US Business Releases ‘Deficit Manifesto’

In what is being called their ‘Deficit Manifesto’, more than 80 CEOs of the United States’ largest companies have written an open letter calling on Congress to fix the country’s fiscal deficit, by way of both government spending cuts and tax increases.

In support of the bipartisan Citizen’s Petition to Fix the Debt, the letter is signed by CEOs from financial and industrial companies such as Microsoft, Goldman Sachs, JPMorgan Chase, Honeywell and Boeing. Some of them also helped to ring the opening bell at the New York Stock Exchange on October 25 on behalf of the campaign.

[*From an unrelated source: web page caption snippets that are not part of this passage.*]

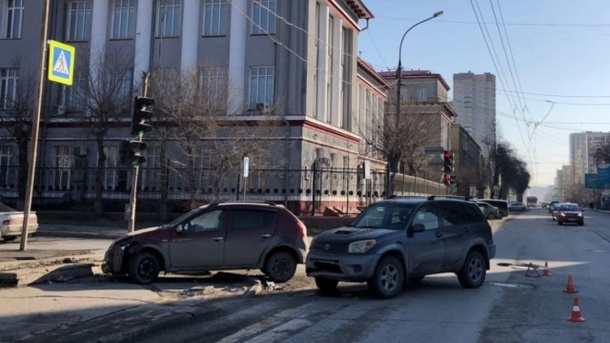4-летняя девочка пострадала в аварии в Новосибирске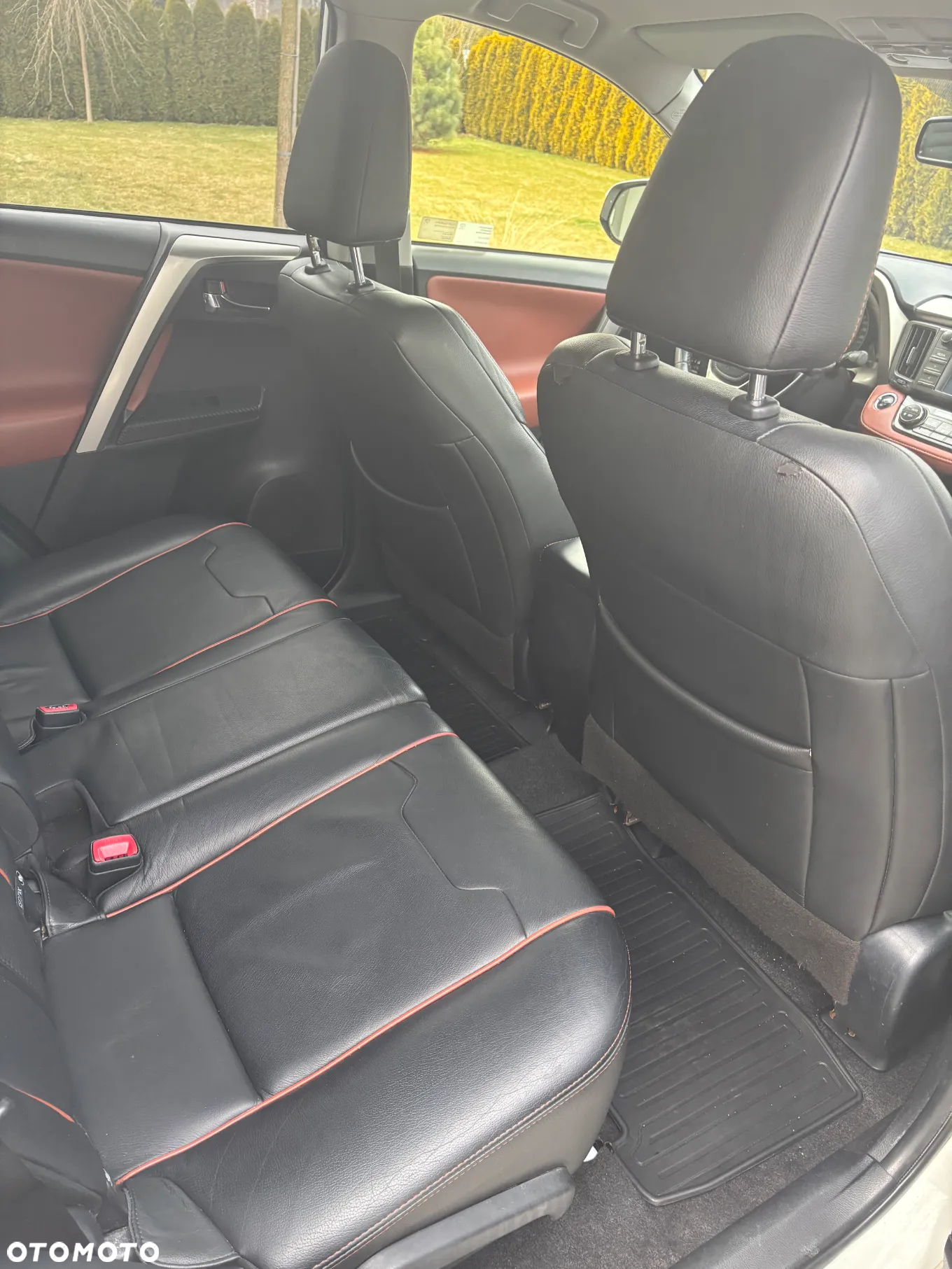 Toyota RAV4 2.0 D-4D Premium 4x2 - 7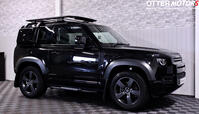 LAND ROVER DEFENDER 90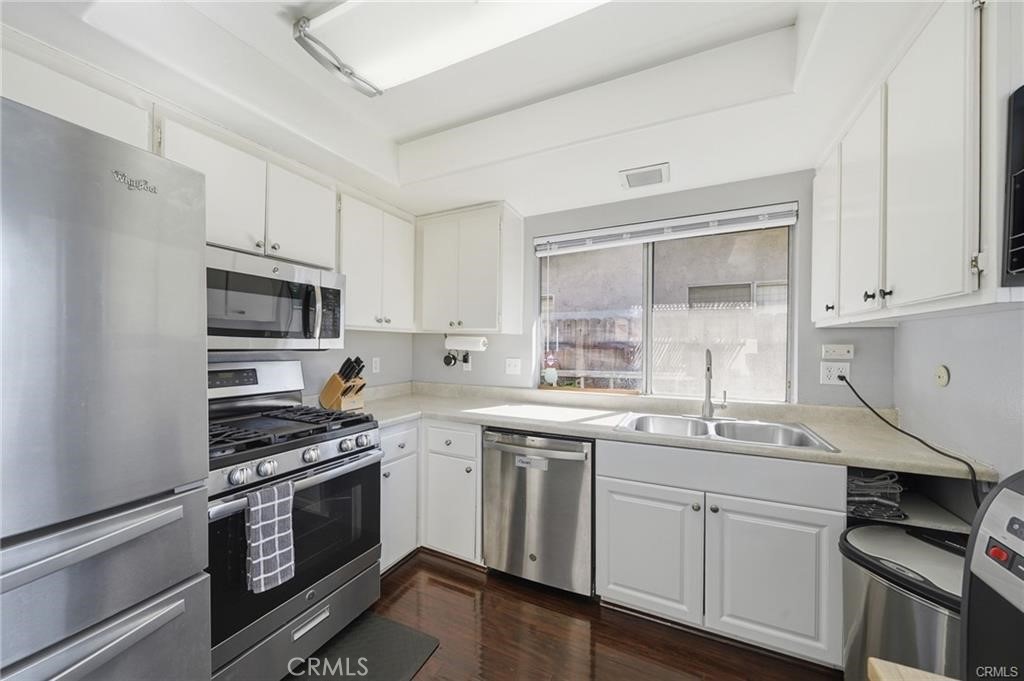 3702 W Park Central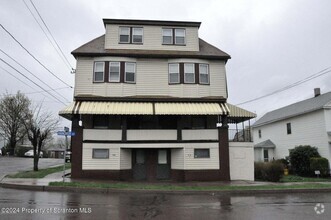 Building Photo - 930 S Hanover St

The letter, which was published in the Wall Street Journal, points to the urgent need for a plan to resolve the US fiscal deficit and “stabilize the debt as a share of the economy, and put it on a downward path”.

The plan, it is said, should be enacted now, but implemented gradually to protect the fragile economic recovery, should be bipartisan to have a chance of success, and should include reforms to all areas of the budget.

For example, the CEOs insist that the plan needs to “include comprehensive and pro-growth tax reform, which broadens the base, lowers (income tax) rates, raises revenues and reduces the deficit”, and to “strengthen Social Security, so that it is solvent and will be there for future beneficiaries”.

With regard to taxes, and to provide an effective framework for such a plan, the letter invokes the recommendations of the Simpson-Bowles Commission report in December 2010, which was not endorsed by Congress but which would have saved USD4 trillion and addressed all parts of the budget.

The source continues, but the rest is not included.